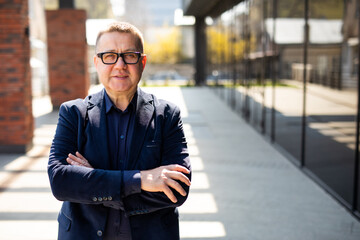 Handsome mature businessman standing on the street. Portrait of smiling manager. Successful business concept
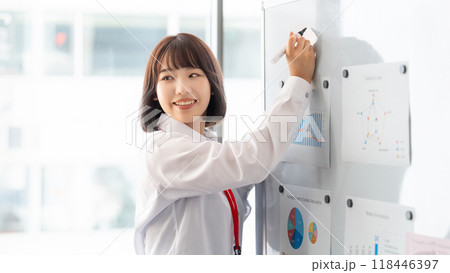 ホワイトボードを使ってプレゼンをする若いビジネスウーマン ホワイトボードを使ってプレゼンをする若いビジネスウーマン 118446397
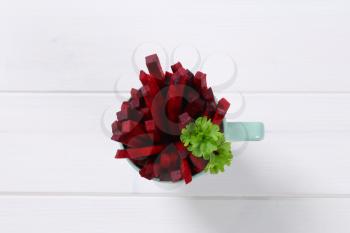 cup of beetroot strips on white wooden background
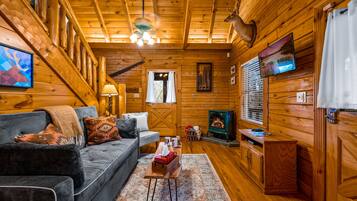 Un acogedor interior de cabaña con sofá, chimenea, televisor y paredes de madera.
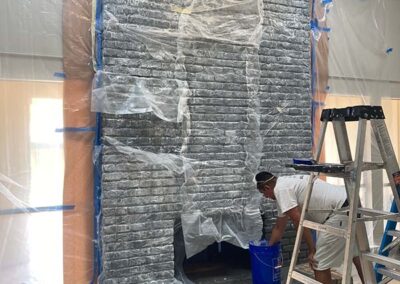 painter preparing interior brick fireplace for paint removal with plastic sheeting and blue tape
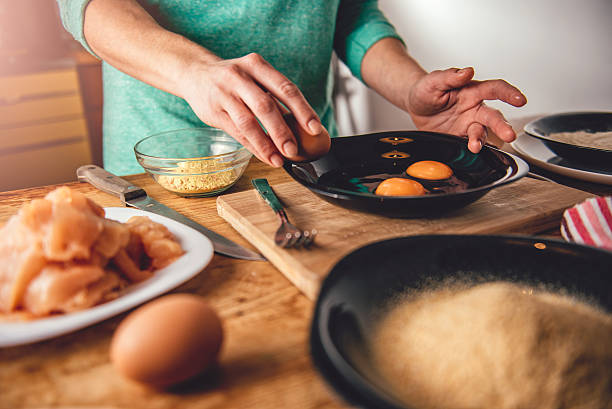 donna che cucina e rompe le uova nel piatto - break eggs domestic kitchen breaking foto e immagini stock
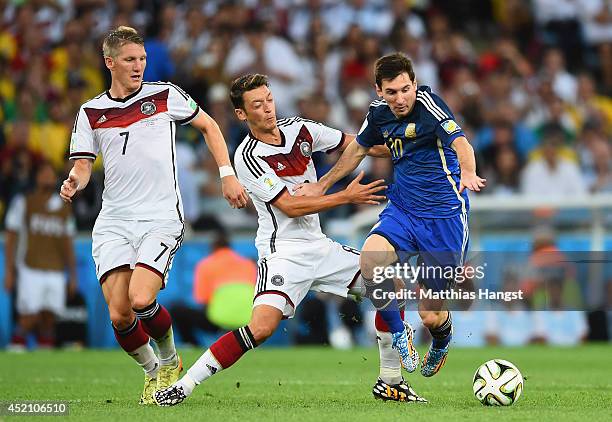 Lionel Messi of Argentina fights off Mesut Oezil of Germany during the 2014 FIFA World Cup Brazil Final match between Germany and Argentina at...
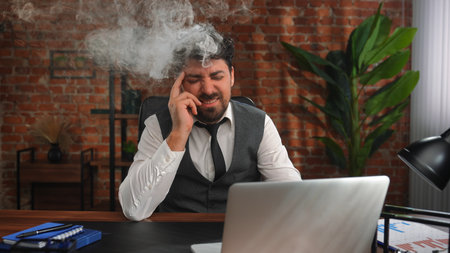 Overwhelmed Businessman Under Stress at Office Deskの写真素材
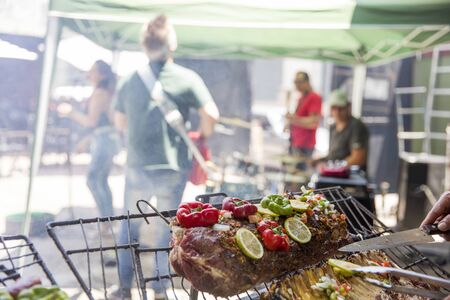 BUENOS, AIRES, ARGENTINA - JANUARY 21, 2018: Food preparation on market stall at San Telmo flea...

______________________________

Task goal: What is needed is an exact printout of every record above, with the pictures left out.

Output:
 Handsome mature businessman standing on the street. Portrait of smiling manager. Successful business concept
 ホワイトボードを使ってプレゼンをする若いビジネスウーマン ホワイトボードを使ってプレゼンをする若いビジネスウーマン 118446397
 cup of beetroot strips on white wooden background
 Un acogedor interior de cabaña con sofá, chimenea, televisor y paredes de madera.
 painter preparing interior brick fireplace for paint removal with plastic sheeting and blue tape
 donna che cucina e rompe le uova nel piatto - break eggs domestic kitchen breaking foto e immagini stock
 Lionel Messi of Argentina fights off Mesut Oezil of Germany during the 2014 FIFA World Cup Brazil Final match between Germany and Argentina at...
 Overwhelmed Businessman Under Stress at Office Deskの写真素材
 BUENOS, AIRES, ARGENTINA - JANUARY 21, 2018: Food preparation on market stall at San Telmo flea...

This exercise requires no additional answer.